UNC was just 7-6 since a non-conference win over Akron and Wake had lost five of its last seven.
But thanks to a much-improved defensive effort by Carolina on both the perimeter and in the paint, the Tar Heels held off a late surge by the Deacs and avenged its earlier loss by topping Wake, 79-73, at Lawrence-Joel Coliseum.
In the process, the Tar Heels (14-6, 4-5 ACC) won their first conference road game in two calendar years, snapping an ACC road-losing streak, which had spanned two seasons.
After Wake had cut what was once a 16-point Carolina lead down to two with just 51.2 seconds left to play, Raymond Felton, who had missed all five of his previous three-point attempts on the day, finally nailed the one that counted.
"That was David Noel's pick (to free Felton) and setting a down screen for Rashad [McCants]," Sean May said. "The play was originally designed for Raymond to come off it and give the ball to me in the post, but he had an open look and I knew he was about to shoot it. Tough players make tough shots."
Felton scored 17 points, remarkably without committing a single turnover, while McCants finished with 14 points. McCants, Felton and Sean May lead the ACC in scoring, assists and rebounding, respectively.
"That was huge for us and his three was needless to say a big-time shot," UNC coach Roy Williams said.
Seventeen of the Tar Heels 38 rebounds were on the offensive end of the floor.
A resurgent May had his way underneath the basket, scoring 18 points to go along with his 10 rebounds.
Deacs center Eric Williams, who scored 24 points and snagged 8 rebounds in Chapel Hill, was held to just six points and two boards.
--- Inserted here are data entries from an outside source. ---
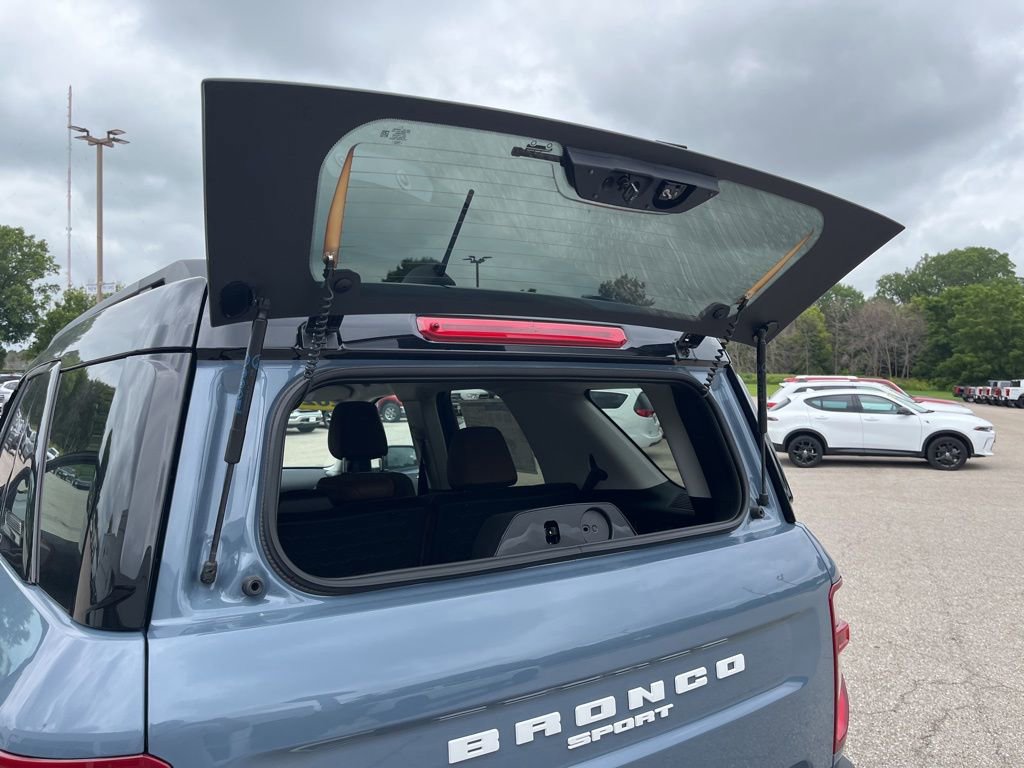 New 2025 Ford Bronco Sport Outer Banks w/ Sasquatch Outer Banks Package image 13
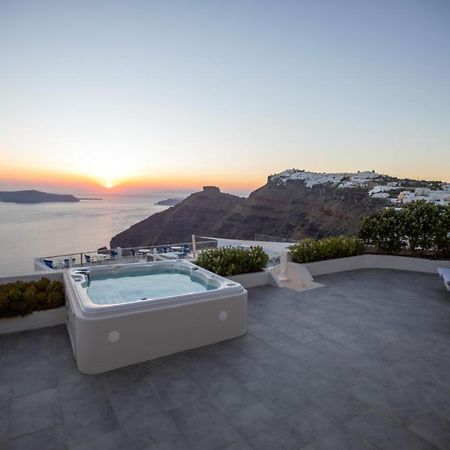 Sunset View Villa Santorini - With Outdoor Jacuzzi Firostefani Zewnętrze zdjęcie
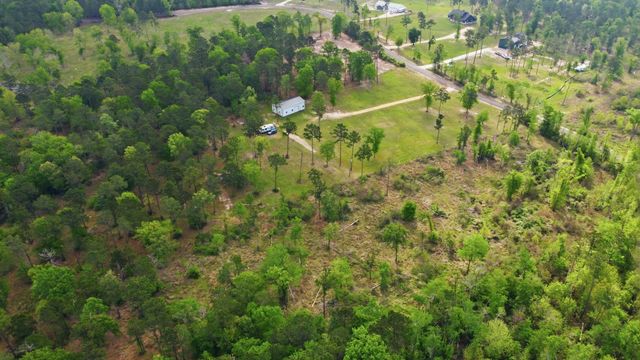 446 Hanson Road, Onalaska, TX 77360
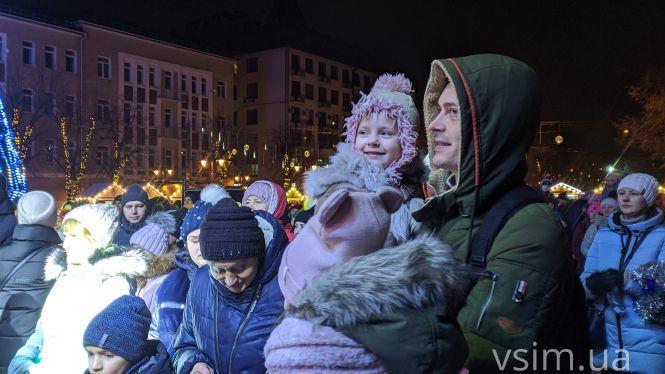 Новини Хмельницького - фото з У Хмельницькому закривали різдвяний ярмарок під нову пісню про місто (ФОТО, ВІДЕО) У Хмельницькому закривали різдвяний ярмарок під нову пісню про місто (ФОТО, ВІДЕО), фото №16 на сайті vsim.ua
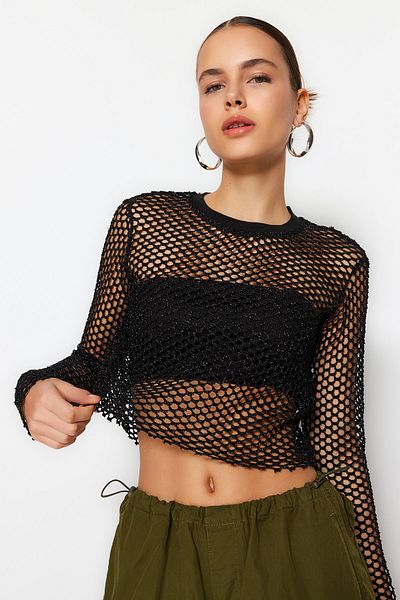 Trendyol Collection Schwarze, locker geschnittene, bauchfreie Strickbluse aus Lurex-Mesh mit Rundhalsausschnitt TWOSS23BZ00523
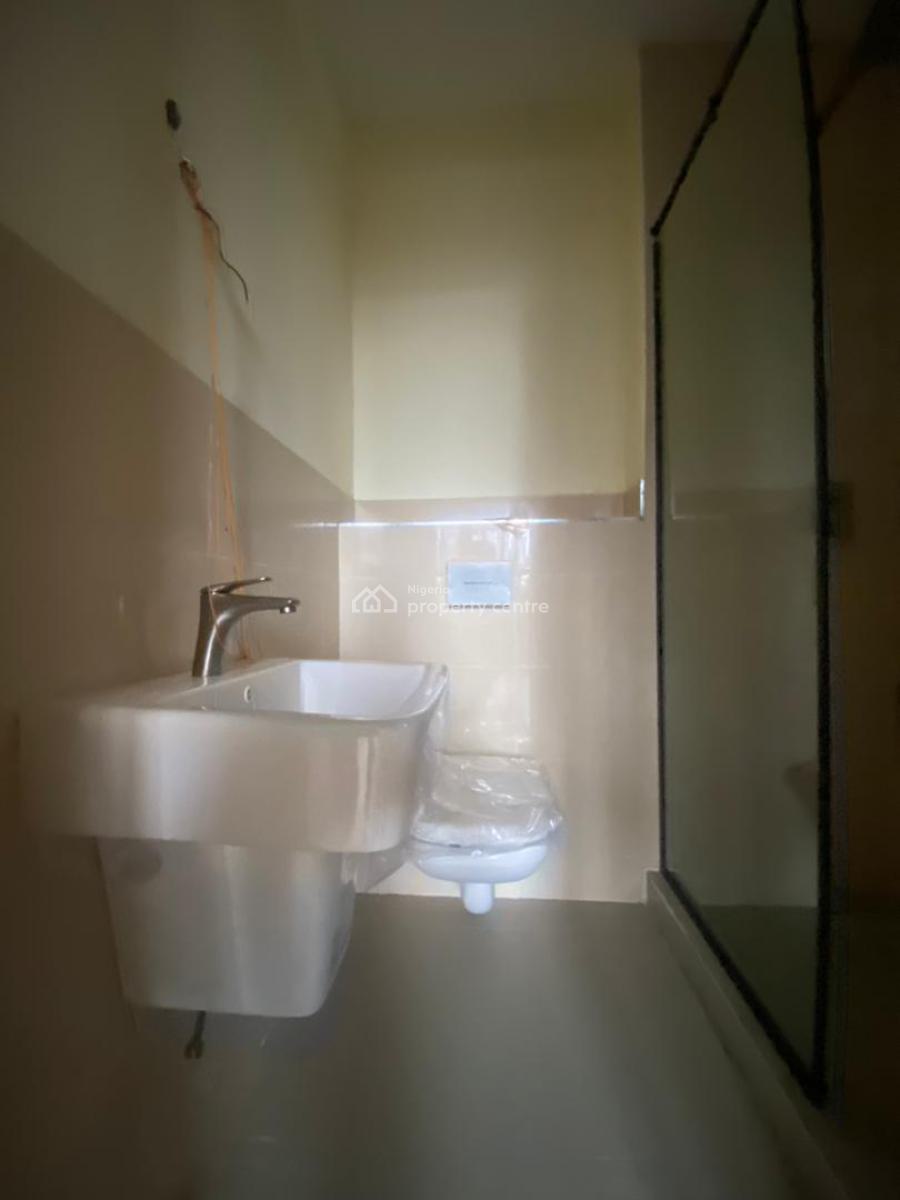 Ready to Move in 3 Bedroom Luxury Apartment with Swimming Pool, Lekki Phase 1, Lekki, Lagos, Flat / Apartment for Sale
And Wake made 11-of-30 threes in the first meeting, but weren't as effective this time, hitting just 7 of 23 attempts from beyond the arc.
"We're much better in transition defense now than we were then," Williams said. "It was important for us to contain Paul and Williams. I thought we were aggressive, even in the zone."
Key to the Tar Heels' victory was also its efficiency at the free throw line where they converted 20-of-22 attempts.
"We missed some key free throws that could have won the game in the first meeting," Williams said. "I think we shoot more free throws in practice than anybody else and we haven't changed a thing."
With a win Tuesday night at No. 15 Georgia Tech, the Tar Heels could potentially move into a three-way tie for third place in the ACC, provided Maryland holds serve on its home court and defeats Florida State on Sunday.
Following Carolina's 83-81 overtime loss to Duke on Thursday, McCants said he expected the Tar Heels' solid showing to propel them positively into the second half of the season. And despite coming off a defeat and the short preparation time for the trip to Wake, UNC appears to have a renewed confidence.
"For our guys to bounce back in such a short time is something I'm very proud of," Williams said. "We should play just as good on the road as we do at home. It's an attitude. We realize we've let some opportunities slip through our fingers on the road this year."
Scott, who scored 14 first-half points, hit his fourth straight three-pointer to give the Tar Heels their biggest lead at 34-18 with 8:01 remaining. But Carolina, which let a seven-point lead disintegrate down the stretch in the loss to Duke, did not convert its next field goal until after the half. By intermission, Wake had trimmed its deficit to five, and when Justin Gray nailed a three less than a minute into the second half, the Tar Heels led just 38-36.
Jamaal Levy and Justin Gray each scored 19 points to lead the Deacs.
"The first ten minutes of the game were really telling," Wake coach Skip Prosser said. "Carolina ran their stuff well and we did very little to disrupt that. We didn't play hard enough in the beginning of the game. That's on me.
"Raymond Felton picked a good time to hit his one three of the night."